К вопросу о проблематике «Степных очерков» Левитова
М. П. Цебовва
Писатели-шестидесятники, в том числе и А. И. Левитов, долгие годы в истории нашей литературы были незаслуженно забыты. Да и сейчас еще многие произведения Левитова, Н. Успенского, В. Слепцова, Наумова, Воронова, Нефедова являются библиографической редкостью.
Как весьма отрадное явление следует отметить выход в свет сочинений в одном томе Левитова (1956), двухтомника произведений Ф. М. Решетникова, двух томов «Русских повестей XIX века 60-х годов». Этим изданиям предпосланы обстоятельные вступительные статьи. Все это нужно рассматривать как начало большой работы по изданию и популяризации произведений шестидесятников — писателей, которых А. М. Горький называл великими своим честным и сердечным отношением к судьбам Родины, к жизни народа, к литературе — «святому делу их жизни».
Творчество А. И. Левитова — писателя-разночинца — созревало под непосредственным влиянием эстетики и критики Чернышевского и Добролюбова.
Основная тематика творчества Левитова — жизнь дореформенной и пореформенной деревни, положение городских низов, судьбы разночинной интеллигенции — также связывает Левитова с демократической литературой его времени.
Как и другие писатели-шестидесятники, Левитов преимущественно обращался к очерковому жанру. И это — не случайно. В 60-х годах очерк с темой народа становится основным жанром в демократической литературе. Как того требовали Чернышевский и Добролюбов, очерк 60-х годов был поставлен на службу антикрепостническому движению. В основу своих очерков писатели-шестидесятники брали документальные факты, но эти факты, благодаря художественному домыслу, становились широкими художественно-публицистическими обобщениями, часто перерастая в объединенный идейно-тематический цикл очерков («Губернские очерки» Салтыкова-Щедрина, «Письма об Осташкове» В. Слепцова, «Нравы Растеряевой улицы» Г. Успенского и др.).
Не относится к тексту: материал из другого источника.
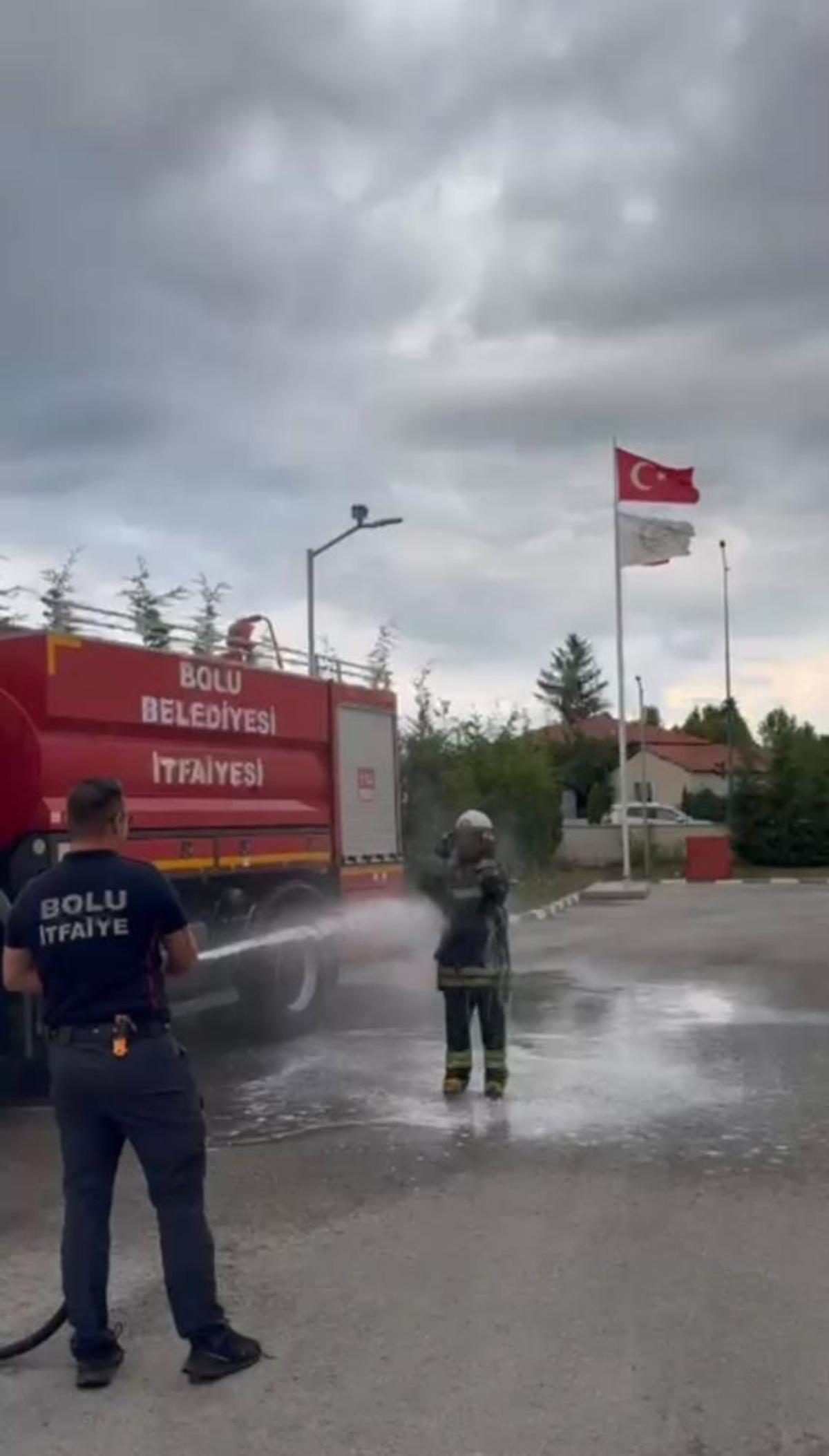 Bolu da itfaiye stajının sonu sulu şakayla bitti 3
Очерки писателей-демократов противостояли литературе либерального направления с ее идеализированным изображением народа, однако слабого и беспомощного в борьбе с притеснителями.
Очерк и рассказ передовых писателей 40-х годов (Тургенева, Григоровича, Даля) сочувственным отношением к народу, нетерпимостью к крепостничеству представлял прогрессивное явление, был шагом вперед в отображении жизни народных масс. В реалистическом изображении «мужика» состояла большая заслуга «натуральной школы», что было отмечено еще В. Г. Белинским. Но в 60-х годах «место барина в русской жизни и литературе заступил разночинец». Новый деятель освободительного движения внес свое отношение к крепостному строю и народу, свои требования в изображении народа. Писатели-либералы в 60-х годах оказались не в состоянии осветить проблему народа в плане требований и идей революционеров-демократов. […]
Писатели-демократы сыграли большую роль в демократизации очерка. В статье «Не начало ли перемены?» Н. Г. Чернышевский, отмечая значение беспощадно правдивых рассказов Н. Успенского для развития русской литературы, подчеркивал «радикальную разницу между характером рассказов о простонародном быте у Г. Успенского и у его предшественников», т. е. у Григоровича, Тургенева, Даля. Писатели-демократы, в отличие от либералов, удовлетворенных «освобождением», и во второй половине 60-х годов концентрировали внимание в основном на проблемах борьбы крестьянства против крепостного права и его пережитков и разоблачения антинародного характера реформы 1861 года. Останавливая внимание читателя на ужасах крепостного права, они в своих очерках убедительно показывали, что реформа не принесла облегчения народу, жаждущему настоящей воли.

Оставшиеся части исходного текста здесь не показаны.